● **Data excerpt**:
********************

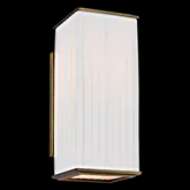 Picture of ESTHER SCONCE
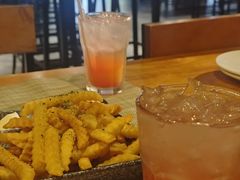 -Secco德式餐吧(南秀村店)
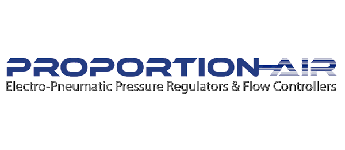 Proportion Air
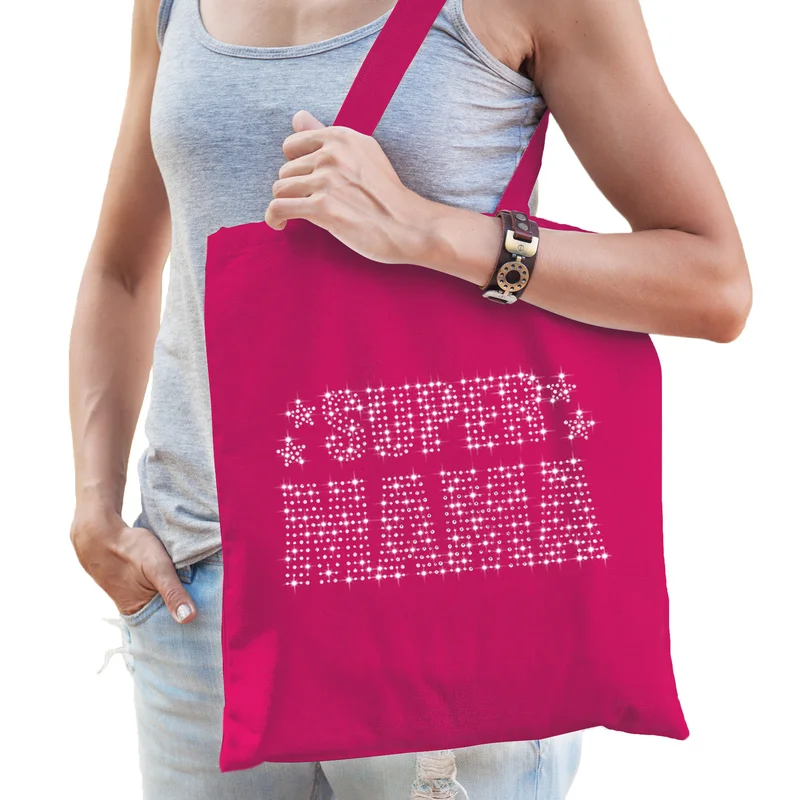 shoppartners2776969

********************

● **Directions**:
Do not include the images; transcribe the rest of the listing exactly.

● **Task solution**:
 Picture of ESTHER SCONCE
 -Secco德式餐吧(南秀村店)
 Proportion Air
 shoppartners2776969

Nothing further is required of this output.